What you need to do >> Could you return, exactly as written, every line from the one containing "Revlon x WW84" through the last line of the entries below, leaving out the pictures?

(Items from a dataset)

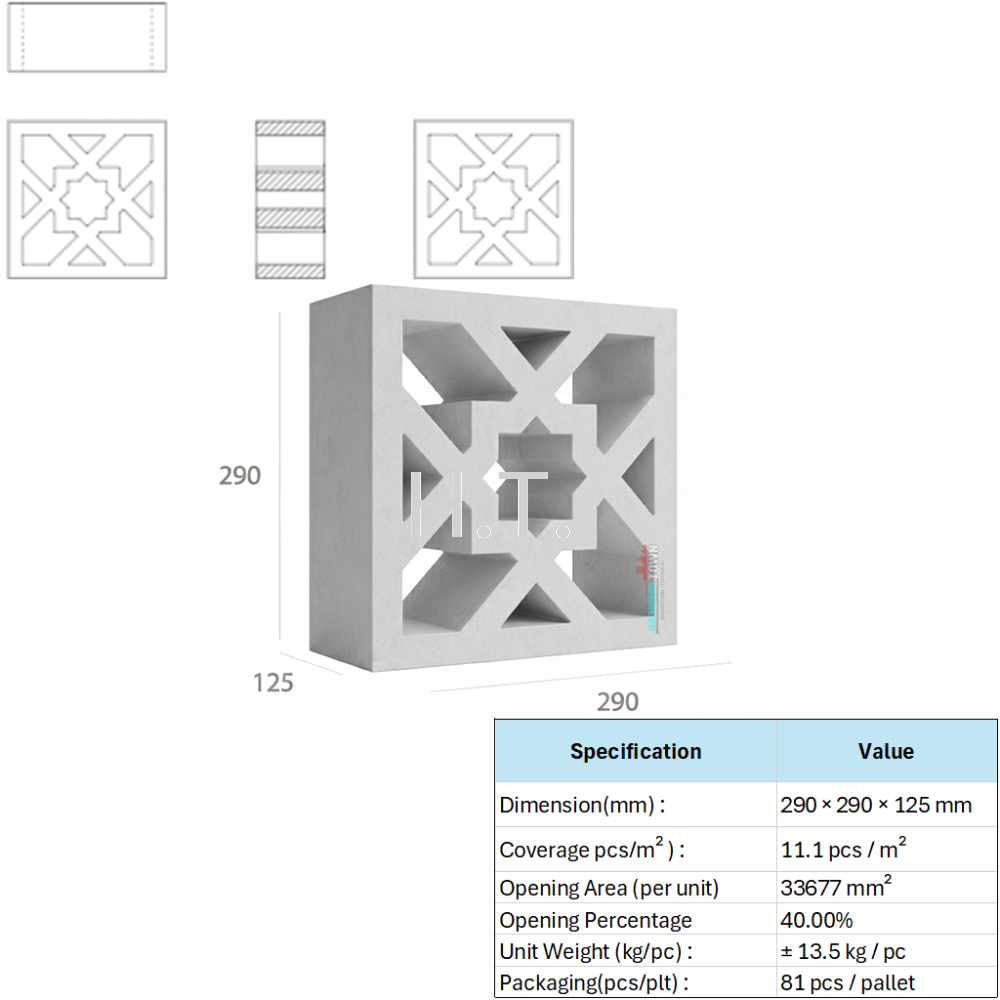 VENTILATION BLOCK VB-304.125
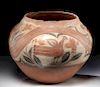 Huge / Early 20th C. Native American Zia Pottery Jar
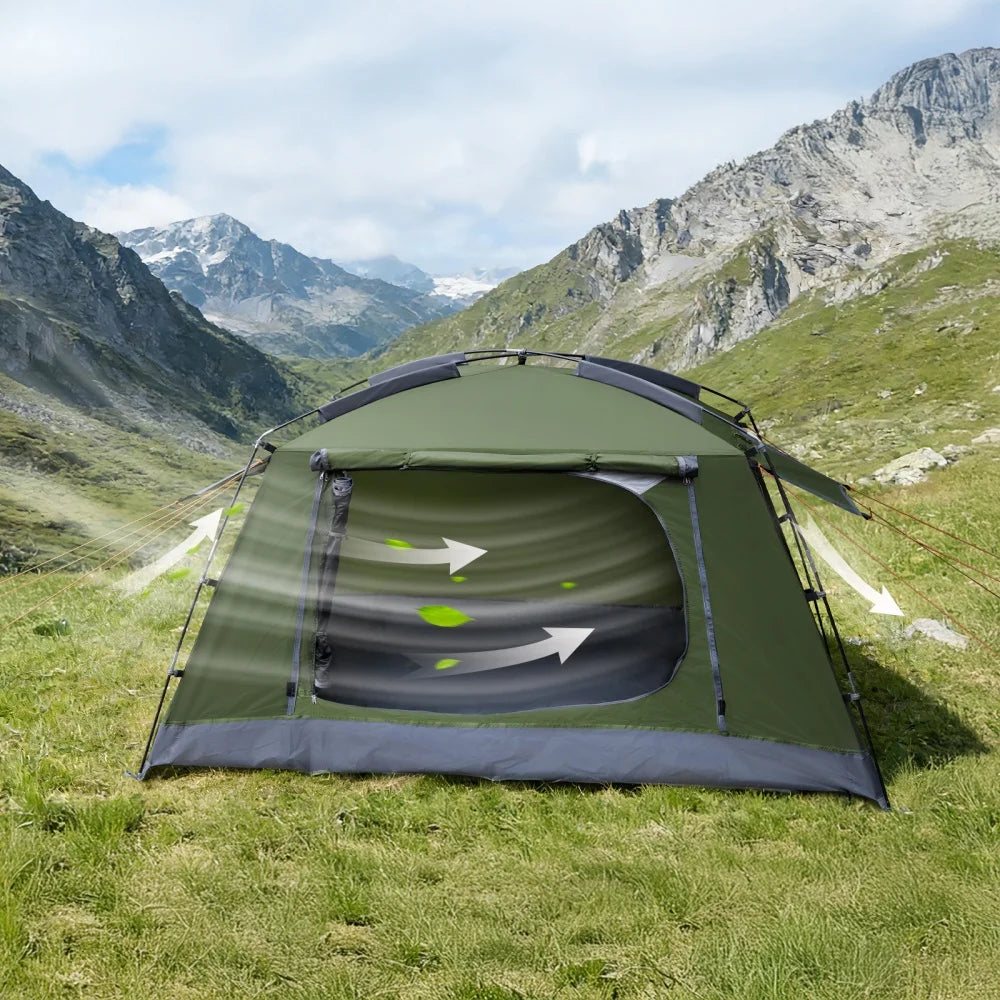 Night Cat 1-2 Person Backpacking Tent Waterproof Quick Setup For Outdoor Camping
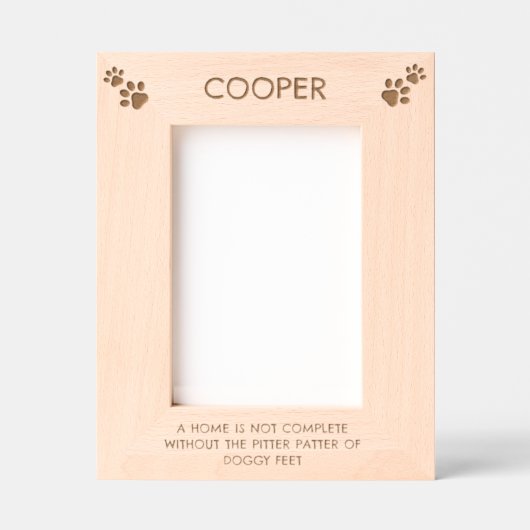 ドッグポーペットオーナーニューパピーホームキープサケ レーザー彫刻フレーム (正面)
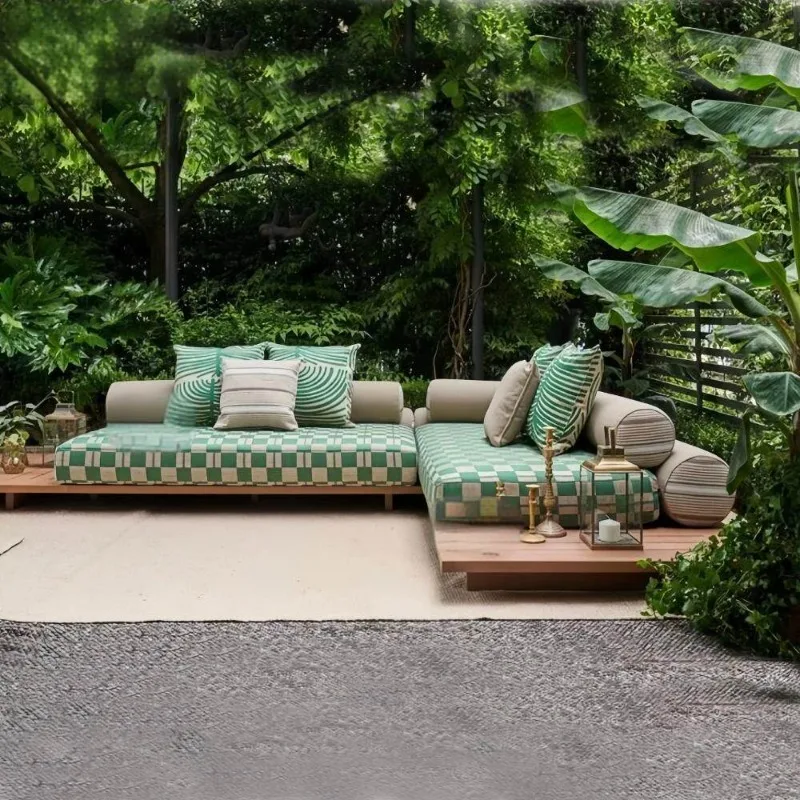 Sofa combination coffee table outdoor villa hotel B & B waterproof and sunscreen high-end solid wood furniture
Sofa combination coffee table outdoor villa hotel B & B waterproof and sunscreen high-end solid wood furniture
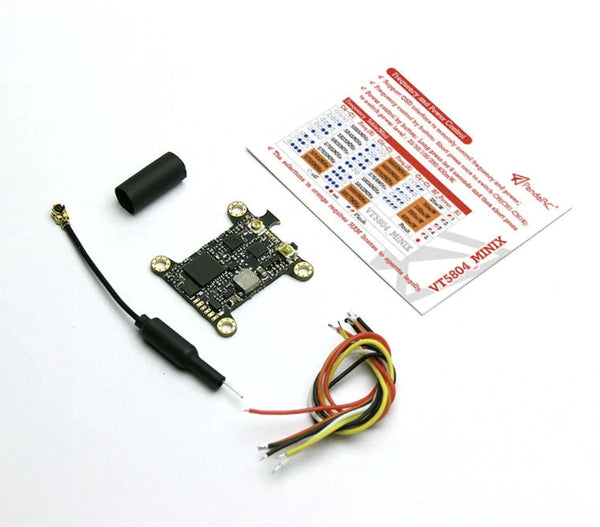 PandaRC VT5804 MINI X VTX - 5.8G 25mw/50mw/100mw/200mw/400mw image transmission support OSD adjustment with audio for FPV Drone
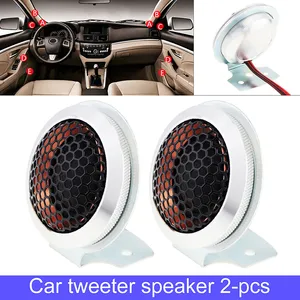Высокоэффективные купольные мини-динамики для автомобильной аудиосистемы, 1,5 дюйма, 180 Вт, 12 В, из алюминиевого сплава, 2 шт.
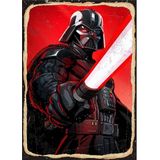 Bedeko Darth Vader Ve Işın Kılıcı Hediyelik Ahşap Tablo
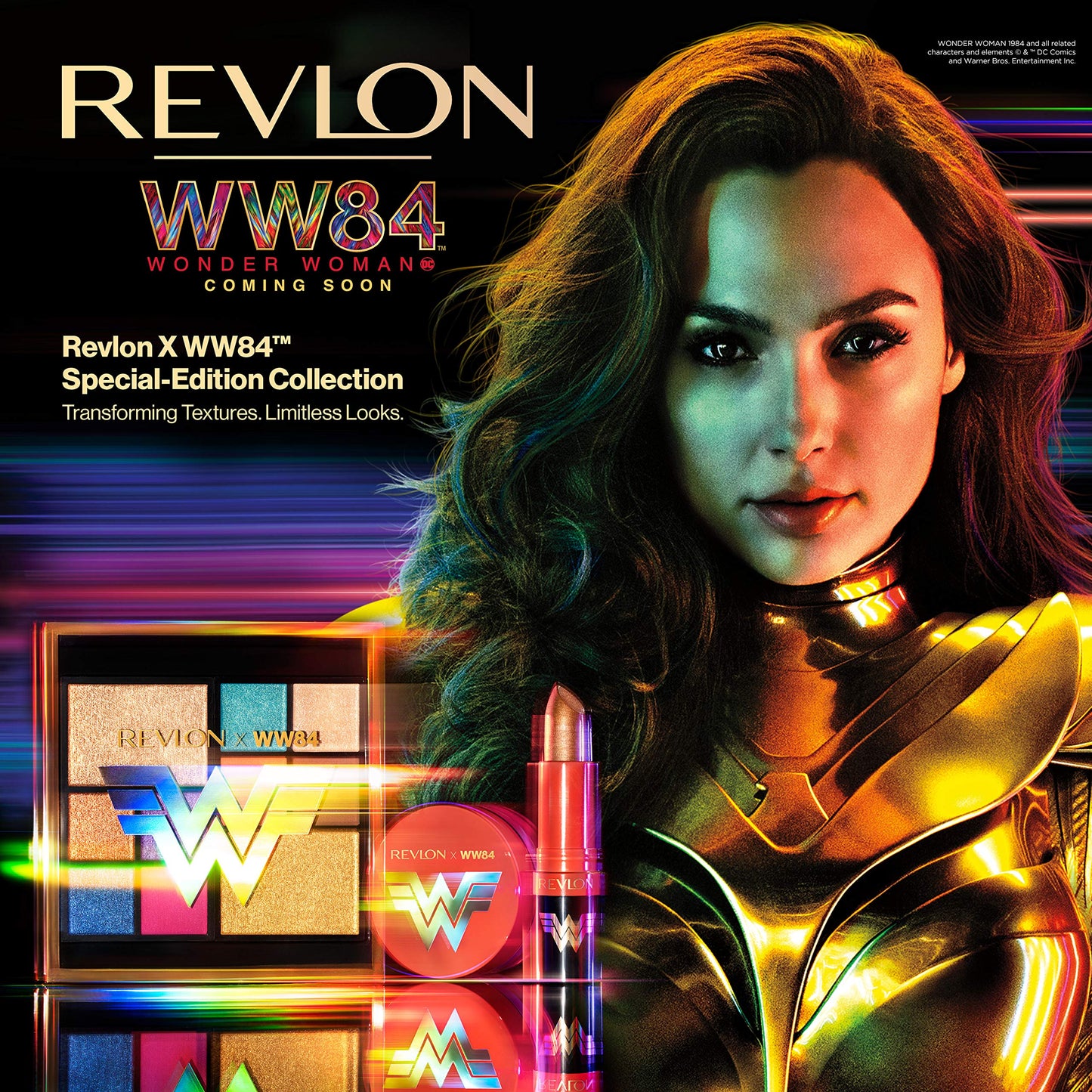 Revlon x WW84 Wonder Woman Super Lustrous Lipstick with Vitamin E and Avocado Oil, Cream Lipstick in Deep Purple, 006 Truth Seeker, 0.15 oz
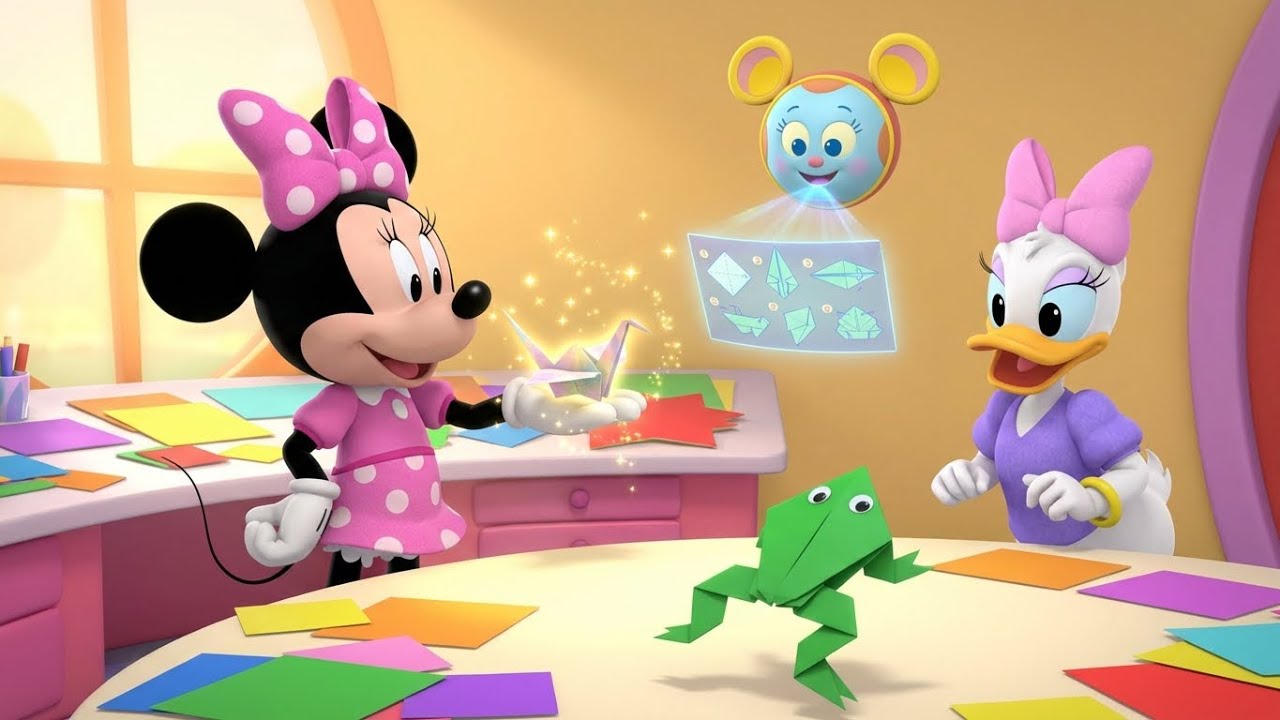 Mickey Mouse Clubhouse: Minnie’s Origami Workshop 🌸 | Learn 2D & 3D Shapes & Spatial Awareness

Exercise output >>
 Revlon x WW84 Wonder Woman Super Lustrous Lipstick with Vitamin E and Avocado Oil, Cream Lipstick in Deep Purple, 006 Truth Seeker, 0.15 oz
 Mickey Mouse Clubhouse: Minnie’s Origami Workshop 🌸 | Learn 2D & 3D Shapes & Spatial Awareness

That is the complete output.